Rob: Congrats to you guys. My third prediction for 2017 was that there would be a 20% or more correction in the US stock market. On a scale of one to five, I give myself a zero. Have you heard this expression, “I’ve predicted five of the last two bear markets.” That’s essentially what I’ve done here. I think like all of us, things seem overvalued, but everyone’s been saying this. I know someone who pulled all their money out of the stock market in 2013 or 2014 and they have missed tremendous amounts of gains. Timing the market is so, so hard. We all think we can and it’s always a little bit later, you can’t quite outlast the market in terms of the irrationality of it going up or going down. I would probably say this will happen in 2018 but I’m not going to cheat and use that prediction again. I was dead wrong.
Mike: I thought you were going to say the 20% market correction was going to be upwards instead of downwards. I thought you were gonna…
Rob: I should have. It corrected from it’s low. It corrected upwards. My fourth and final prediction for 2017 was that the first consumer purchase package would be legally delivered with a man drone somewhere in the world and I believe, if I recall, that I made this prediction it was late November, early December, and it was within a couple of weeks that this happened. It was even before 2017. Is that your memory?
Mike: I think that’s correct. I think that happened before the year started. I think we were debating about whether or not you got credit for it because it was not in 2017.
Rob: I would give myself a five on this one even though maybe technically it should have happened two weeks later for it to be in 2017. We should call this our predictions from between right now and the end of the following year.
Mike: You’re just trying to get credit for that one.
Rob: Alright, let’s dive into our predictions between now and the end of 2018.
Mike: What’s your first prediction, Rob?
Rob: Hey, wait! I didn’t even type this one. Let me read this one. Rob will buy a bunker in the Swiss Alps, establish a micronation with his 11-year old son as the benevolent dictator. How did this show up in our outline, Mike?
Mike: I don’t know, I have no idea.
Rob: I think that’s a really good prediction.
Mike: Must have been the elves.
Rob: Messing with my predictions. That was a joke prediction. Please don’t hold me to it. What’s your first one?

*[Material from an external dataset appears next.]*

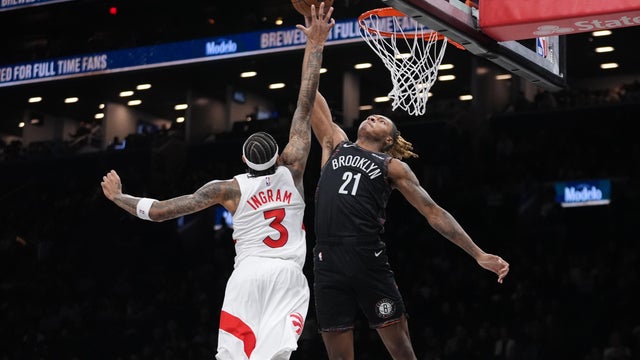 Brooklyn Nets' Noah Clowney (21) shoots over Toronto Raptors' Brandon Ingram (3) during the first half of an NBA basketball game Tuesday, Nov. 11, 2025, in New York.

Mike: Mine is there’s going to be an economic downturn. I think that it’s probably going to be, I don’t wanna say that it’s gonna be major. But I think that it’s gonna be substantial enough that people will notice. It’s not gonna be like 2008 where the entire economy crashed but I do think that there is going to be that, you kind of called it for last year, the 20% stock market correction, I feel like that’s gonna be this year. I think that it’s going to be driven kind of by a lot of the factors around healthcare, at least in the United States, and various policies that are kind of going into effect. I don’t see like a sustained economy is going to be moving forward this coming year. There is bad stuff on the horizon.
Rob: I want to get more specific with this because when I think of the phrase “economic downturn,” I think of the economy as multiple factors. You could say is that a stock market correction, is that a recession which implies a lack of growth of businesses which don’t necessarily, it often causes a stock market correction, but the two can be non-correlated. That typically also leads to unemployment. And then there’s the housing market which I see as a separate thing.

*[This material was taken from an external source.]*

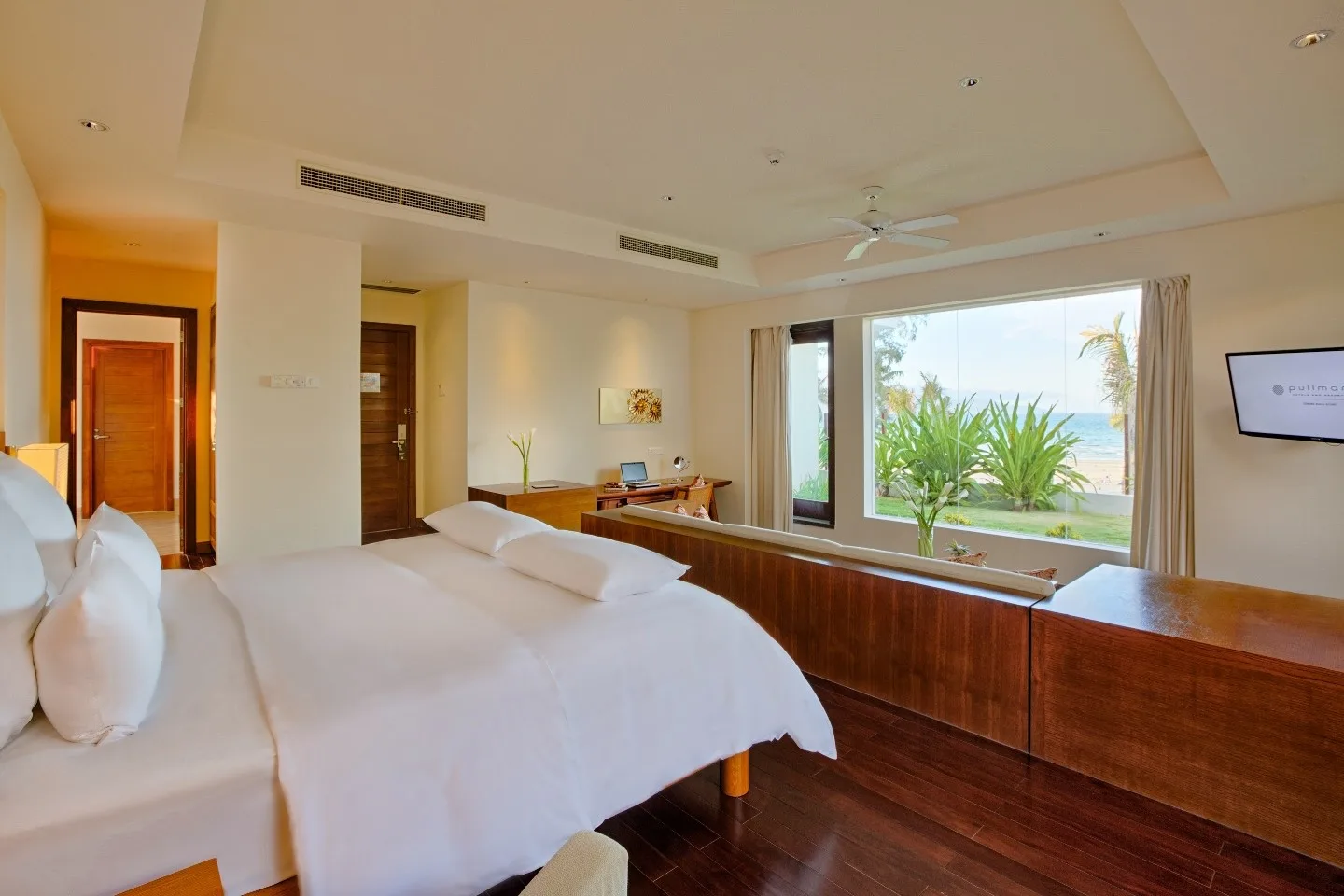Phòng ngủ Two-Bedroom Beachfront Cottage của Pullman Đà Nẵng, cửa kính lớn nhìn ra vườn và biển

There’s three or four different things; unemployment, GEP growth, stock market, and housing. In 2008-2009, they all plummeted, but in 2000, the housing market took a little hit but it wasn’t that bad. What do you mean when you say economic downturn? Let’s define it and then let’s update, so we know next year, whether you are accurate. If it’s any one of those four, it’s a pretty broad prediction. But if you’re saying its like three out of four or something…
Mike: I think it’s going to be a couple of them. One, I think there’s going to be a lot of small services businesses that end up going out of business partly because of regulation but partly because they’re just not going to be able to make ends meet. They’ve got other things to adhere to in terms of tax laws, health insurance, and things like that. I think that’s going to have a pretty big impact on them, along with all the legislation tied to the healthcare industry. I think that’s going to have a pretty bad impact on them as well, just in general, you will see a lot of small-services companies end up going out of business.

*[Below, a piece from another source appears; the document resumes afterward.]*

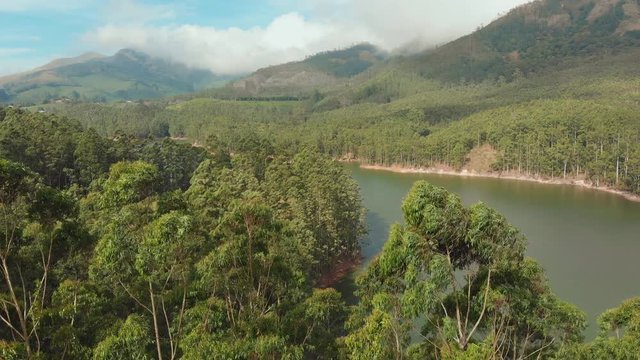 Aerial view beautiful nature with mountains and hills by Lake Mattupetty. Kerala State. Near the city of Munar.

Then that’s going to lead to unemployment which impacts a lot of other things. I don’t think that the housing market is really gonna go down very much. It probably will stay relatively the same. It’s certainly is not going to be a big growth area. Then what was the last one that you said? Oh, the stock market. I think that it will level off a little bit but I don’t think that it’s going to go down.
Rob: I’ve updated your prediction with a few bullets that kind of captures that so when we come back next year, we can measure it correctly.
Mike: What’s your next prediction?
Rob: My first prediction, the Swiss Alps bunker one, is not going to come true. I think 2018 will be the year of non-institutional startup funding. I think this has already begun. We’ve seen more and more angel investments coming out. The more I get involved with this, the more I realize the power of money that comes from angels, rather than going the traditional institutional route. Jason Calacanis’ book, Angel which came out a few months ago, it was really good. I think some people will probably dive into it from there.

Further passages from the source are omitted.